Le gouvernement fédéral doit agir dès maintenant pour prévenir d’autres difficultés, en prenant d’abord l’engagement ferme de renforcer la PCPH. Il doit :
  • augmenter le montant des prestations pour sortir les personnes handicapées de la pauvreté, comme prévu;
  • améliorer l’admissibilité et l’accessibilité du programme afin qu’un plus grand nombre de personnes puissent présenter une demande et en bénéficier.
Sans mesures audacieuses et immédiates pour renforcer le filet de sécurité sociale, la pauvreté et l’insécurité alimentaire continueront d’augmenter, ce qui minera la santé et la stabilité à long terme des collectivités de toutes les régions du pays.
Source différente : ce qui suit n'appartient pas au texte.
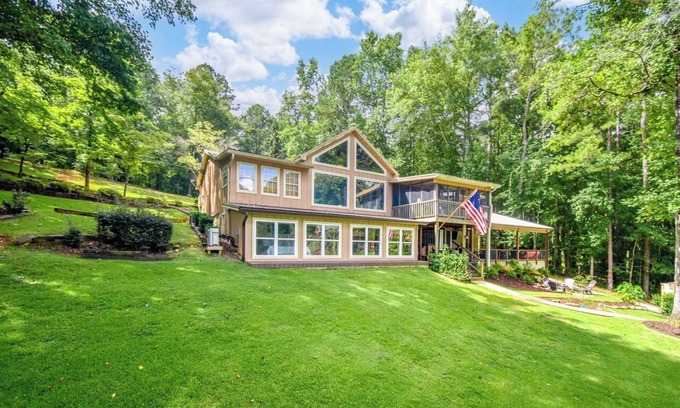 Jacksons' Gap House | Sunset Slough by Big Fish Real Estate Group at Lake Martin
Pour beaucoup de gens, la vie est devenue de plus en plus chère. Le coût du loyer a grimpé en flèche et a commencé à compromettre la capacité des gens de se procurer de la nourriture. Il faut agir pour réduire les coûts de logement et permettre aux gens d’acheter des aliments nutritifs. Le gouvernement du Canada doit agir rapidement pour construire des maisons abordables et mettre en place une allocation pour l’épicerie et les besoins de base.

Construire des maisons abordables
L’abordabilité du logement demeure une des solutions les plus urgentes et les plus citées pour lutter contre la faim et la pauvreté au Canada. En 2025, 83 % des banques alimentaires ont indiqué que le besoin d’offrir un plus grand nombre de logements abordables était l’intervention stratégique la plus importante, comparativement à 61 % en 2019. Cette urgence est soulignée par la hausse spectaculaire des coûts du logement pour les ménages à faible revenu, qui consacrent désormais en moyenne 66 % de leur revenu disponible au logement. Les locataires d’un logement économique, et surtout les personnes racisées et les nouveaux arrivants qui habitent dans les grands centres urbains, sont particulièrement vulnérables à l’insécurité alimentaire.
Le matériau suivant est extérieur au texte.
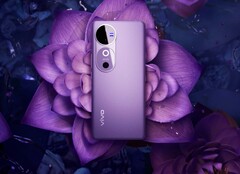 Even the cheaper Vivo V40 has a 4,500 nits bright AMOLED display. (Image source: Vivo)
Pour améliorer l’abordabilité du logement, le gouvernement fédéral doit agir rapidement et de façon décisive, tant en ce qui concerne l’offre que la demande. Le gouvernement doit :
  • accélérer la mise en œuvre des activités de Maisons Canada pour livrer chaque année des dizaines de milliers de logements abordables et hors marché, en mettant à profit des terrains publics et en travaillant en partenariat avec des organismes qui reconnaissent la valeur de la construction de tels logements;
  • finaliser un accord national sur le logement avec les provinces et les municipalités afin d’harmoniser le financement, de réduire les droits d’aménagement et de rationaliser les réformes de zonage;
  • instaurer un programme national d’aide au logement s’inspirant du Programme d’allocation pour le loyer du Manitoba, couronné de succès, afin d’alléger immédiatement la pression exercée sur les locataires à faible revenu.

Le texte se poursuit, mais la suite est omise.